Report every line below that holds the word "whether".

▶ Given records
'''
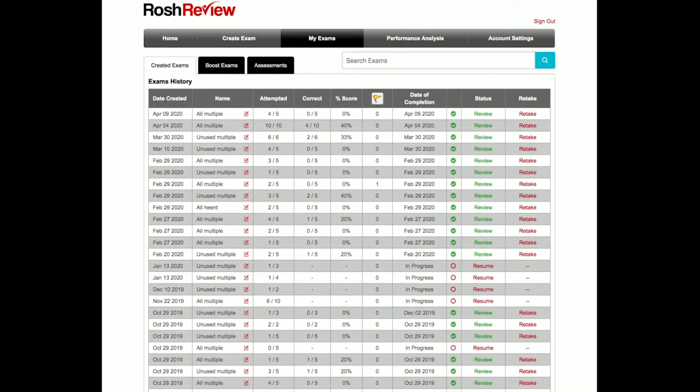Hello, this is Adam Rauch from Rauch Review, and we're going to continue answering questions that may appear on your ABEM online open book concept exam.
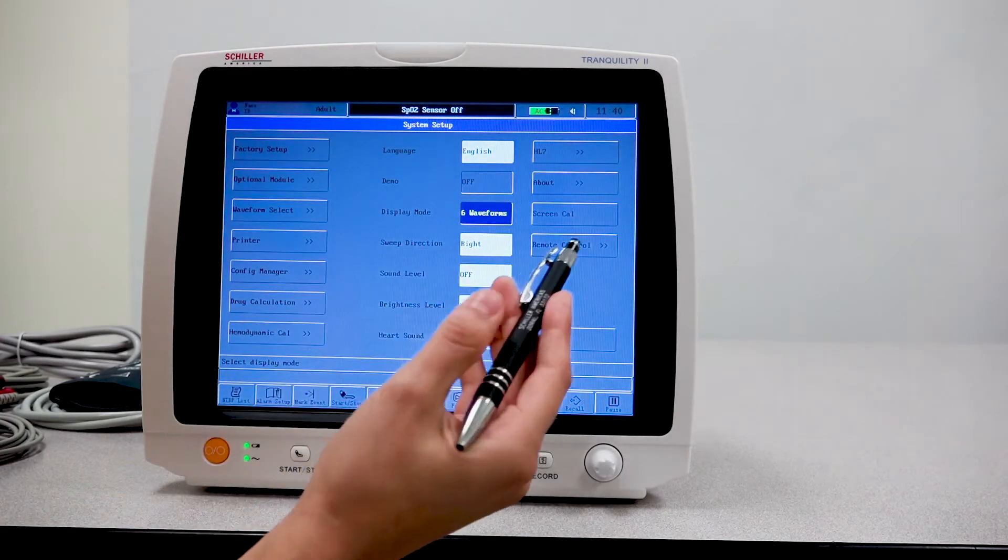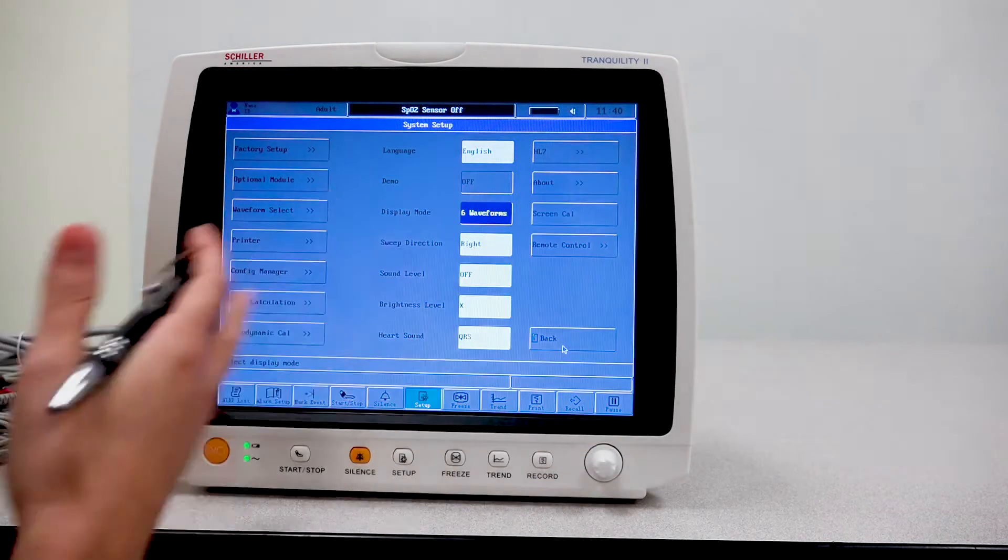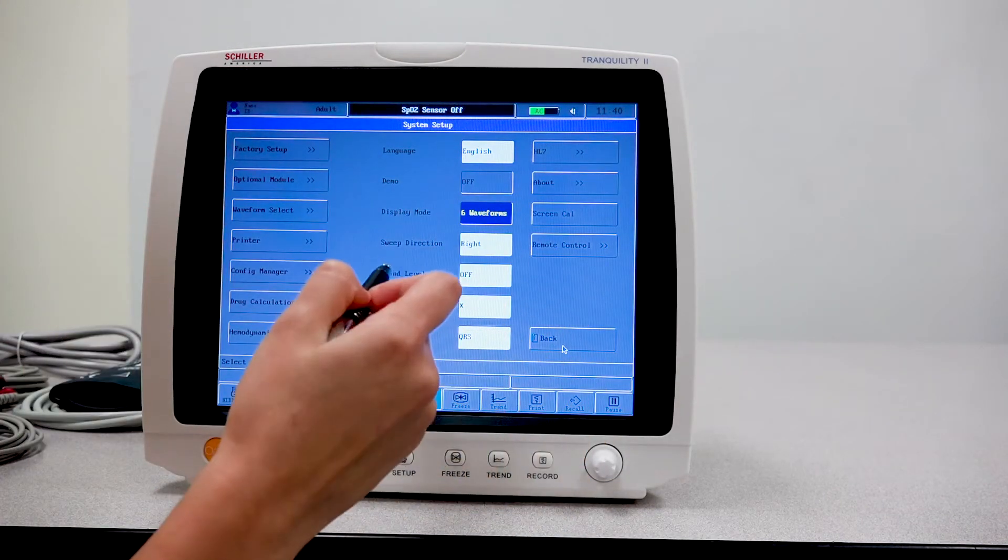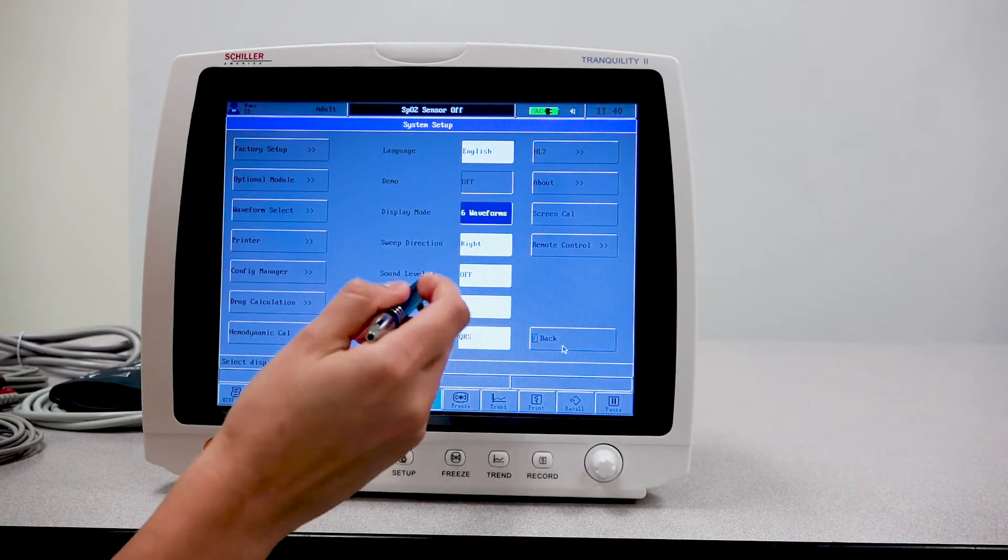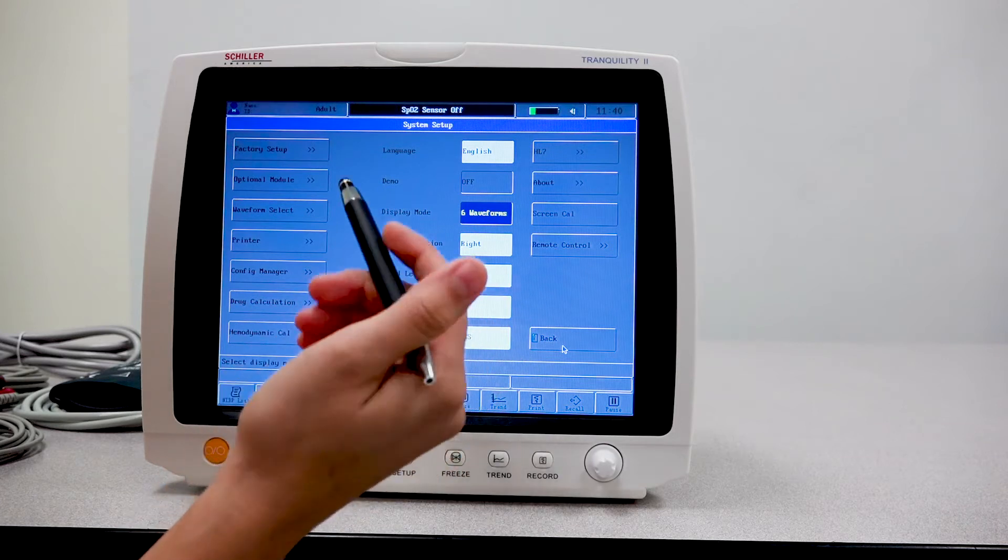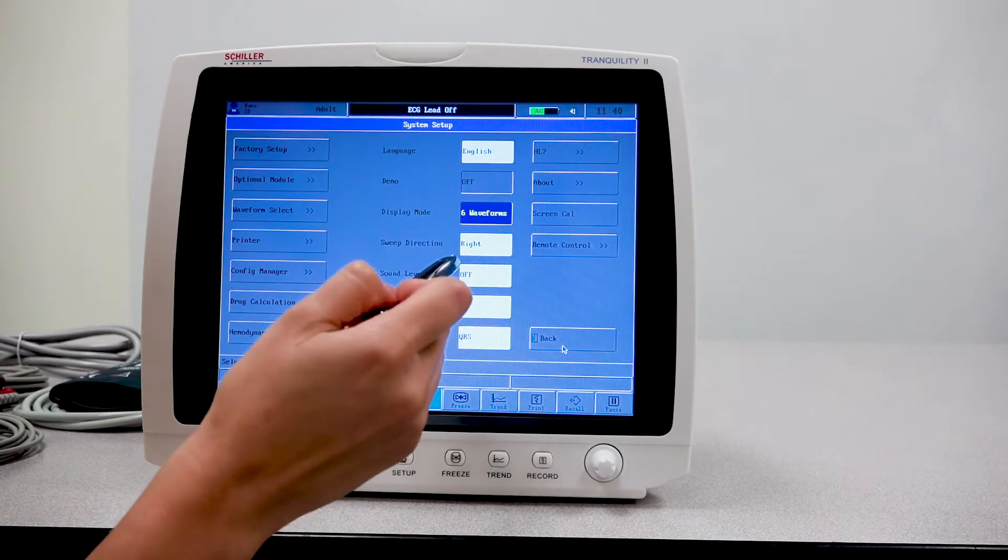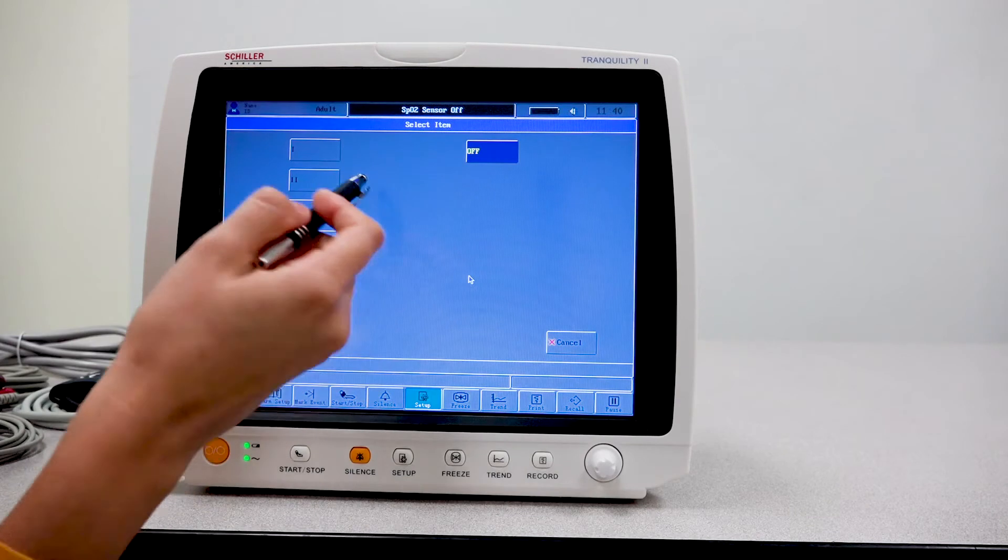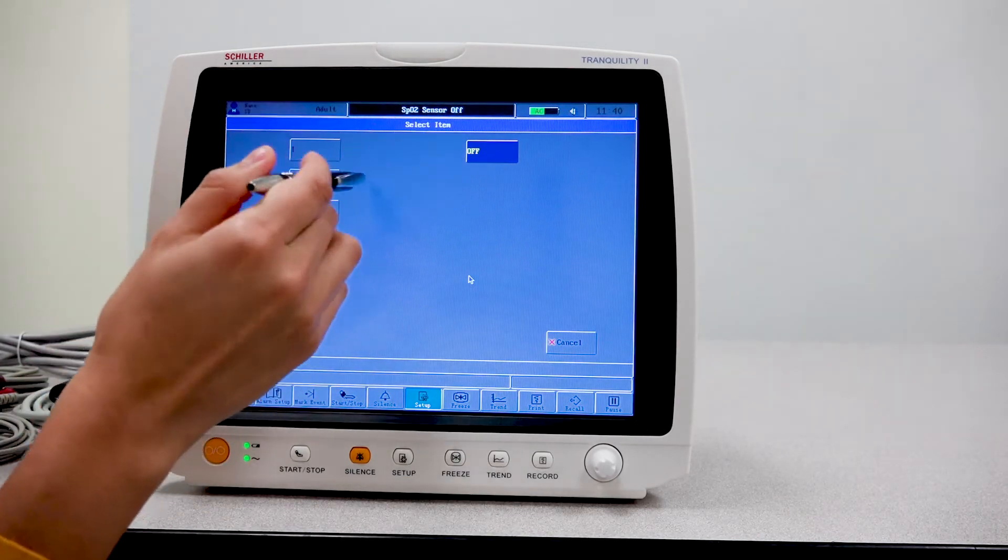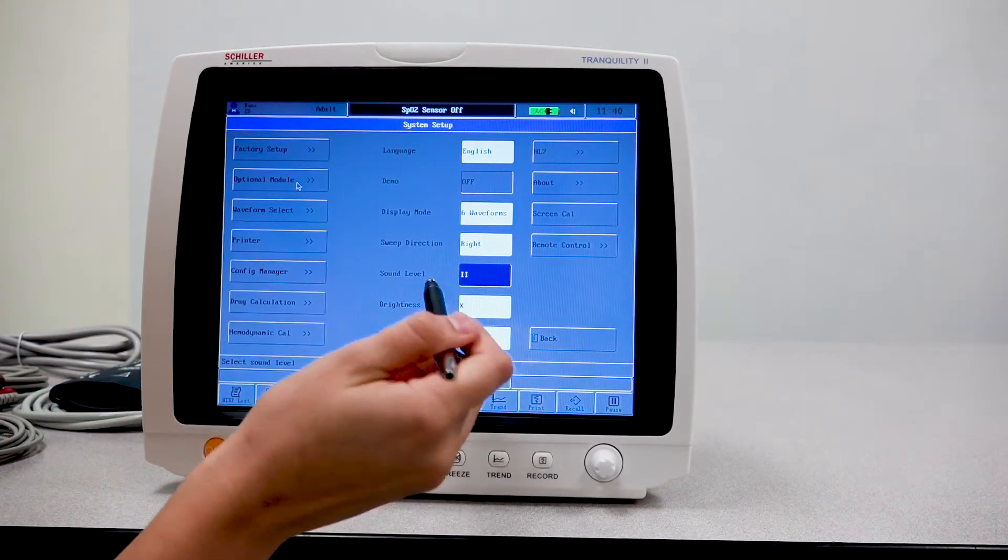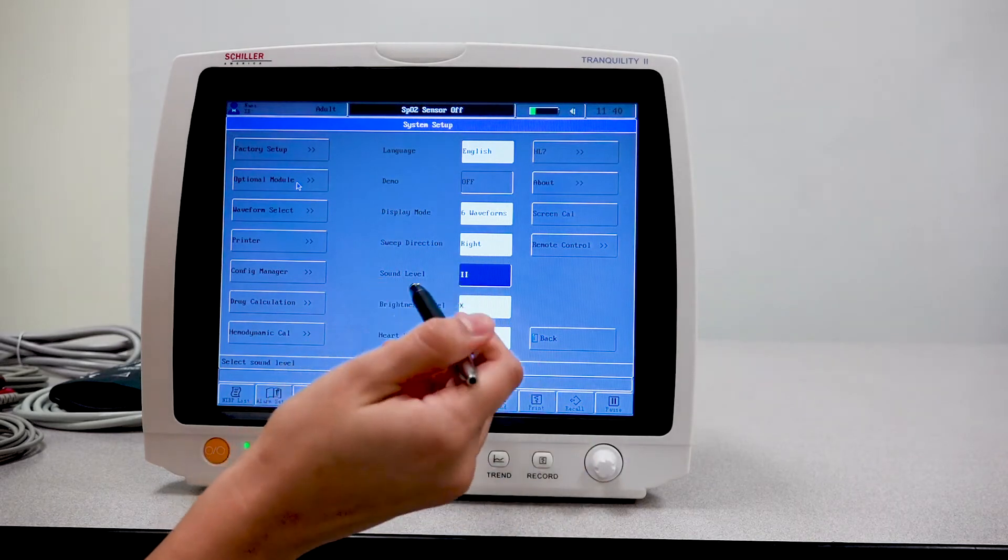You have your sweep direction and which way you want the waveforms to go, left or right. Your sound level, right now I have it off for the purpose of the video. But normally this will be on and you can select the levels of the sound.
'''
'''
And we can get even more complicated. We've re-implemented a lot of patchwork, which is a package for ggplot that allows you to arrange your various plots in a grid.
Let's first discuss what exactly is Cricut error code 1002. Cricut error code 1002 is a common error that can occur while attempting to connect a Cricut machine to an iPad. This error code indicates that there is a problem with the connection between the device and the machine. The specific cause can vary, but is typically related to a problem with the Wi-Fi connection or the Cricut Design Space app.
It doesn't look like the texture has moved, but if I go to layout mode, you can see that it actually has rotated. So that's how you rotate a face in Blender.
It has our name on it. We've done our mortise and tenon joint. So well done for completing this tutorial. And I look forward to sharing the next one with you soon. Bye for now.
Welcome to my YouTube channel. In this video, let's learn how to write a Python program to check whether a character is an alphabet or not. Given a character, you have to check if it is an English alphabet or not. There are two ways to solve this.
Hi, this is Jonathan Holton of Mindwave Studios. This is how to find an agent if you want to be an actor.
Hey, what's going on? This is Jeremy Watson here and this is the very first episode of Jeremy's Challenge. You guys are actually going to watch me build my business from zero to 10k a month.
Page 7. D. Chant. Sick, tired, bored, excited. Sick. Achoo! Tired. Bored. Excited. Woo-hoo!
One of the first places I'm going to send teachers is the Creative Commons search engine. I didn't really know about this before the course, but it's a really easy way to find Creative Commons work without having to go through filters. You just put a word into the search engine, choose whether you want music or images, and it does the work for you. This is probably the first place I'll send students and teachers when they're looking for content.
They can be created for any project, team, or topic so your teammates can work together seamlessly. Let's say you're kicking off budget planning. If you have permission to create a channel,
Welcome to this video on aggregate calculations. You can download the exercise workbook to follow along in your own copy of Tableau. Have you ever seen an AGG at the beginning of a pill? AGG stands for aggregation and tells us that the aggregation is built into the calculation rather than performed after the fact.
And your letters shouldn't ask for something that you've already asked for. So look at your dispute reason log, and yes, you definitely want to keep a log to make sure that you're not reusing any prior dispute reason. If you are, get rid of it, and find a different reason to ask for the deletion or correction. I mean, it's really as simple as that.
'''
▶ Solution below
Welcome to my YouTube channel. In this video, let's learn how to write a Python program to check whether a character is an alphabet or not. Given a character, you have to check if it is an English alphabet or not. There are two ways to solve this.
One of the first places I'm going to send teachers is the Creative Commons search engine. I didn't really know about this before the course, but it's a really easy way to find Creative Commons work without having to go through filters. You just put a word into the search engine, choose whether you want music or images, and it does the work for you. This is probably the first place I'll send students and teachers when they're looking for content.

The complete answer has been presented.